Il évoque de son côté plusieurs leviers pour une souveraineté alimentaire qui émane des territoires : réguler les volumes et les marchés, recentrer les échanges sur les produits à valeur ajoutée, aides à l’actif et non pas à l’hectare dans le cadre de la Pac...
Un modèle suffisamment adaptable à la raréfaction des énergies fossiles ?
Une idée à laquelle souscrit Benoit Biteau, agriculteur et député européen (EELV). Pour lui, il faut avant tout « faire le constat que l’agriculture est un véritable sujet de société, qu’on ne peut plus confiner dans un débat agricolo-agricole ». Et le premier point, c’est qu’il n’est « pas possible de continuer une agriculture dépendante du pétrole ». Il propose de revoir la Pac en profondeur et de remplacer les aides par une rémunération des services éco-systémiques rendus par les agriculteurs, afin de « sortir des logiques curatives » qui coûtent au final beaucoup plus cher à la société, à l’image du traitement de l’eau.
Pour le député européen, comme pour Nicolas Girod, le changement de modèle agricole est d’autant plus urgent que la raréfaction des énergies fossiles, notamment du pétrole, nécessaire à l’élaboration des engrais azotés, est inéluctable. Pour le porte-parole de la Confédération paysanne, « ce problème d’accès aux ressources va nous éclater à la figure (...), la relocalisation est la seule solution ».

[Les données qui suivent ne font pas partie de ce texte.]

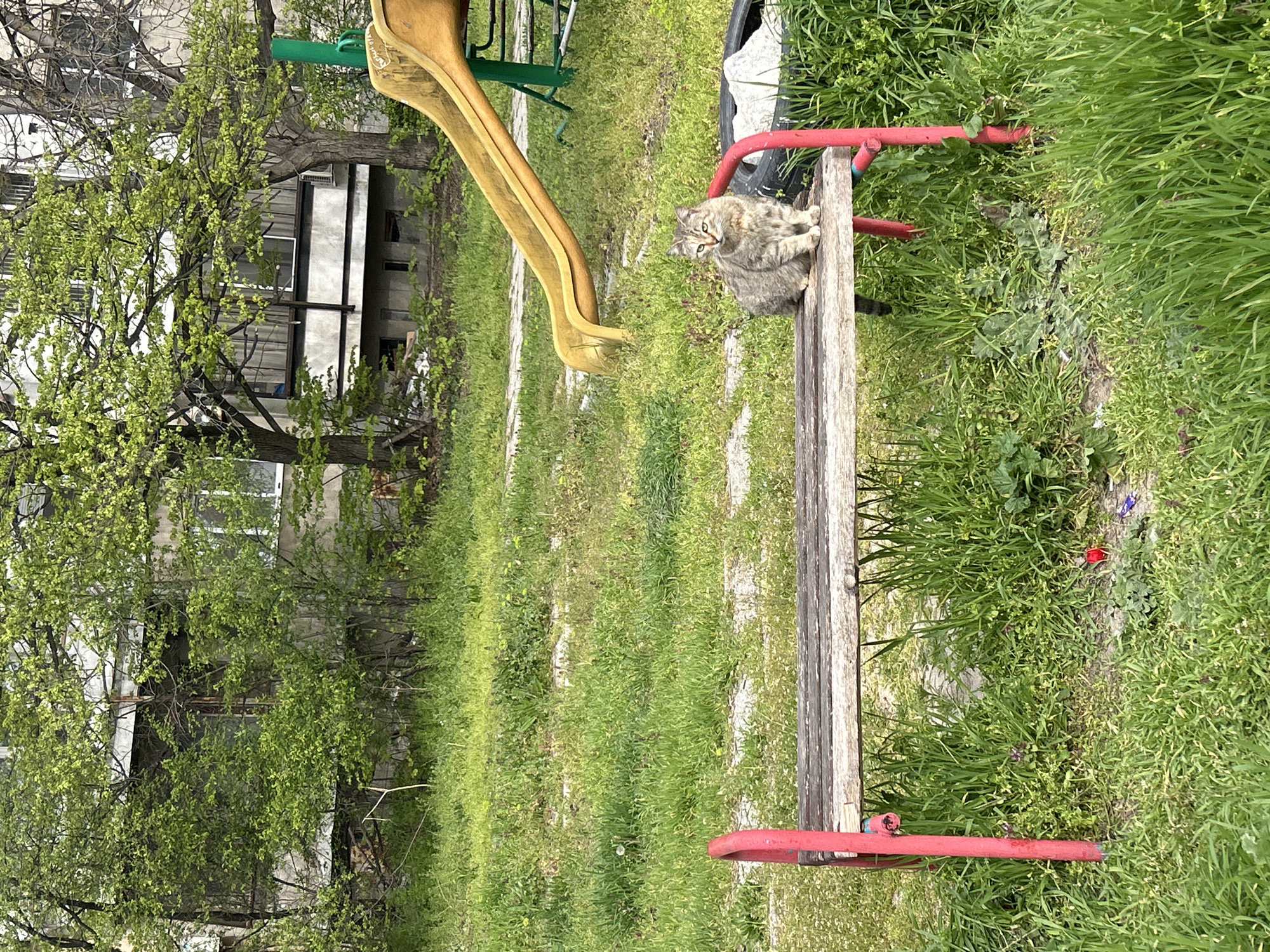A domestic cat sits on a wooden seesaw in a grassy area next to a playground slide. The playground is likely in a residential area in Plovdiv, Bulgaria, given the appearance of surrounding apartment buildings and trees. The seesaw is constructed of weathered wood with red metal supports. The cat is grey and tabby-colored, with its attention directed towards the camera. The playground slide is yellow and green. The grass is unkempt, with some taller patches, and there are signs of litter. The scene is captured during daylight hours, and the lighting suggests either morning or late afternoon.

Le manque de durabilité des énergies fossiles « doit nous amener à trouver alternatives », acquiesce en effet Christiane Lambert, qui évoque la bioéconomie, et la question des protéines végétales sur laquelle les Français sont plutôt de bons élèves européens, en assurant une autonomie à 55 %, contre 30 % en moyenne dans l’UE. Si, comme elle l’assure, les agriculteurs sont au travail sur ces questions-là, les progrès seront-ils suffisants ?
Qu’elles soient incrémentales ou systémiques, ces évolutions ne pourront pas se passer, en tout cas d’un accompagnement politique fort dans la durée pour assurer une souveraineté alimentaire plus importante qu’aujourd’hui.